El pasado 29 de noviembre Notre Dame de París, obra de creyentes, abrió de nuevo sus puertas. Apareció ante quienes hicieron posible su renacimiento –artesanos y trabajadores de todo nivel– en su esplendor, como ningún ojo humano la había visto. Ocurrió mientras, curiosamente, algunos hombres quieren expulsar a Dios del mundo. Simplemente porque Aquel que inspiró a quienes levantaron la catedral les estorba en sus planes. En efecto, el reconocimiento de su existencia supone la aceptación de una supremacía más allá de cualquier realidad; pero, también impone normas y conductas, que limitan la acción personal o colectiva del ser humano.

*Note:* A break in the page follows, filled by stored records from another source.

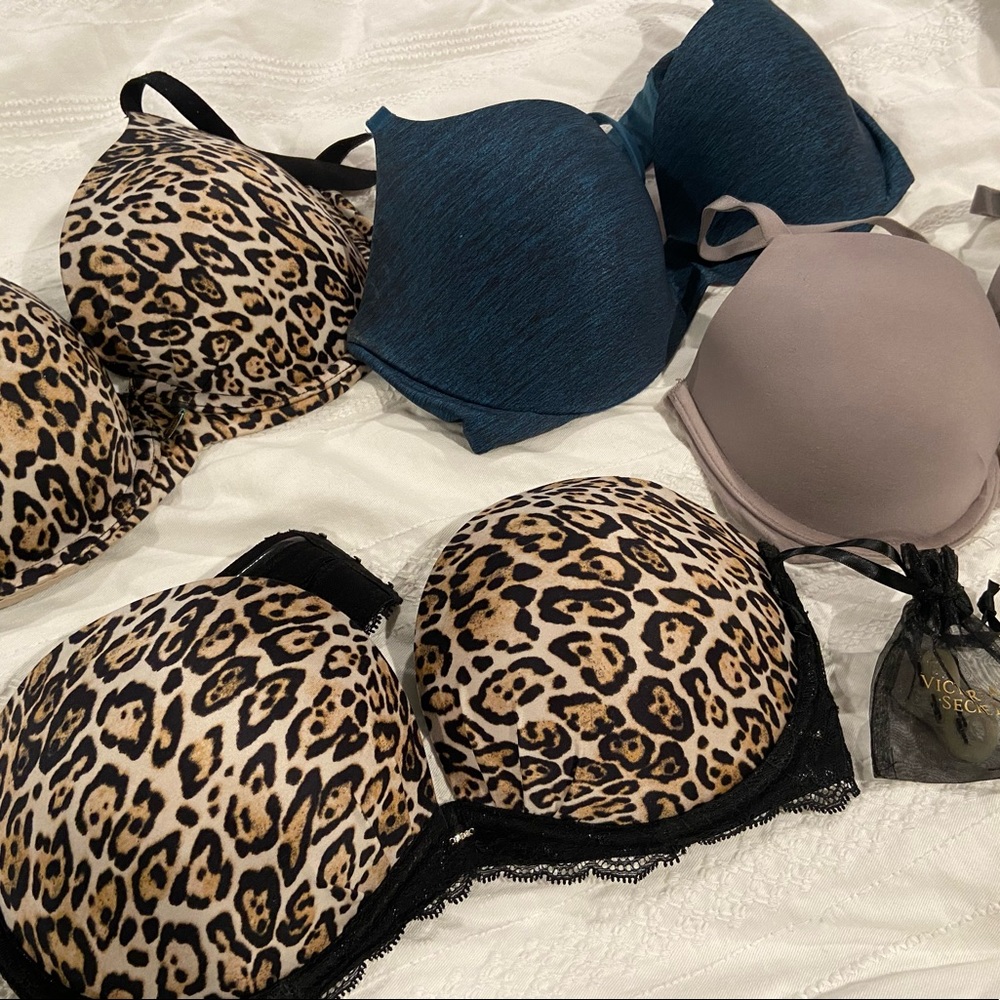 4 Victoria’s Secret Bras size 36C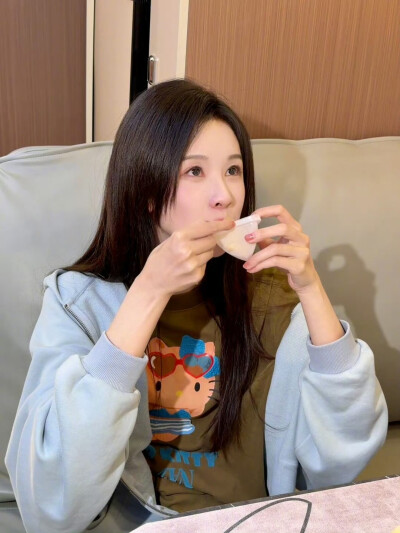 陈都灵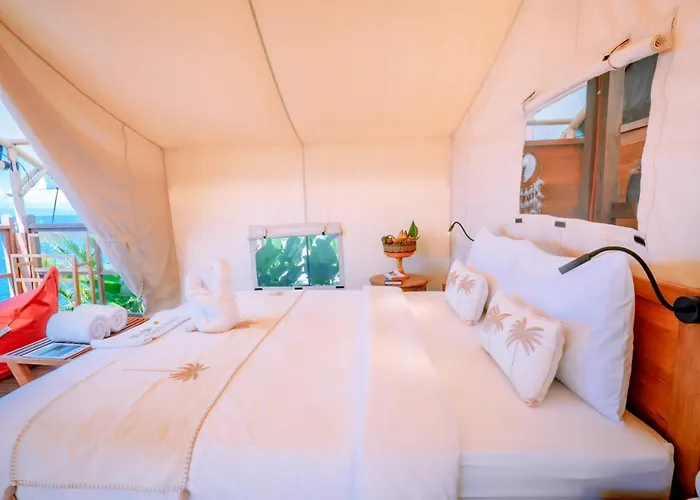 Bali Cliff Glamping خيمة فخمة Seraya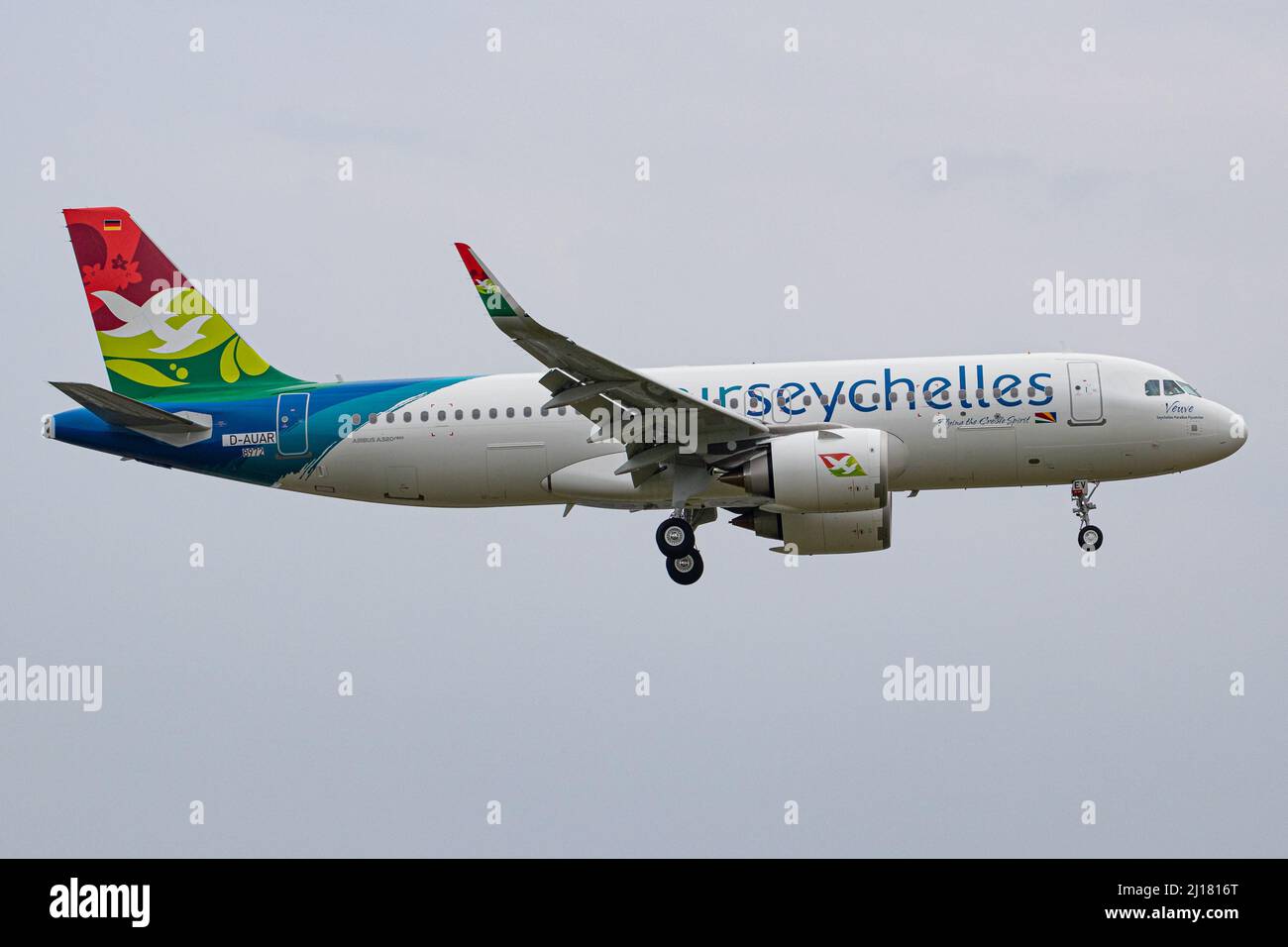Air Seychelles Airbus A320-251N (D-AUAR, 8972) approchant de l'aéroport de Hambourg, HAM, EDDH et effectuant un tour sur un vol d'essai Banque D'Images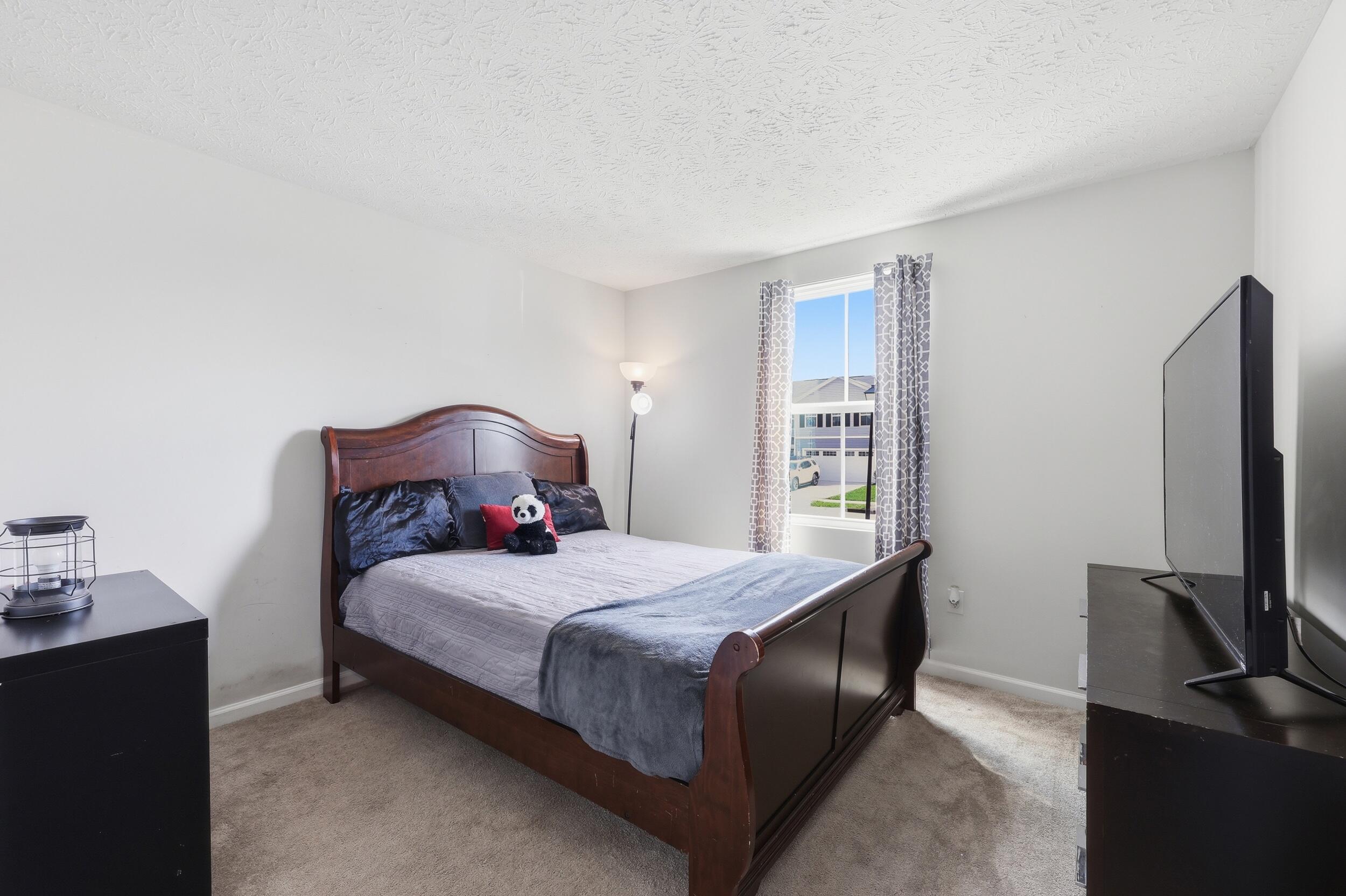 215 South Tuttle Road Springfield, OH 45505 - Photo 12 of 19 072A2947 (1)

No ignoran los participantes en la conspiración que es imposible prescindir de Dios porque pertenece a otro reino, el del espíritu (que no es el de la mente). Es único: “Yo soy Dios y no hay ningún otro”. Un ser inmutable, incomprensible e intemporal. Infinito. Es potencia omnipresente y omnisapiente. En su esencia, no tiene figura (como no sea en la persona del Hijo) y no habita en un lugar determinado. Es un misterio inefable. Sin embargo, determina la vida de los hombres. El salmo 139 afirma que Dios interviene en todos los acontecimientos, desde el embrión hasta el día final. Conoce su corazón, su saber, sus sentimientos, en la oscuridad y en la luz. Observa su lengua, sus propósitos, sus acciones. La idea de Dios ha marcado la historia de la humanidad. Aún hoy –imperio del materialismo– la configuración de las naciones es resultado de su presencia.

Dios se reveló progresivamente a los hombres. No se sabe con certeza en qué momento se produjo; pero, según el Génesis –en relato ciertamente simbólico (para ser comprendido en el tiempo de su composición)– ocurrió en el momento de la aparición del ser humano. En todo caso, sucedió mucho antes de la invención de la escritura: en los albores del camino de los primeros ancestros.  Así lo indican muchos testimonios de miles de años atrás. La temprana revelación, antes de la dispersión, explicaría la presencia de Dios en todas las sociedades antiguas. Si el hombre apareció en África, lo que afirman casi todos los arqueólogos, aquel hecho extraordinario también tuvo lugar allí y, posiblemente, en el este del continente. En todo caso, lo acompañó en su aventura: consta que lo conocían en el centro de Asia, en Europa, en Australia, en China y en América. Seguramente con formas y atributos distintos.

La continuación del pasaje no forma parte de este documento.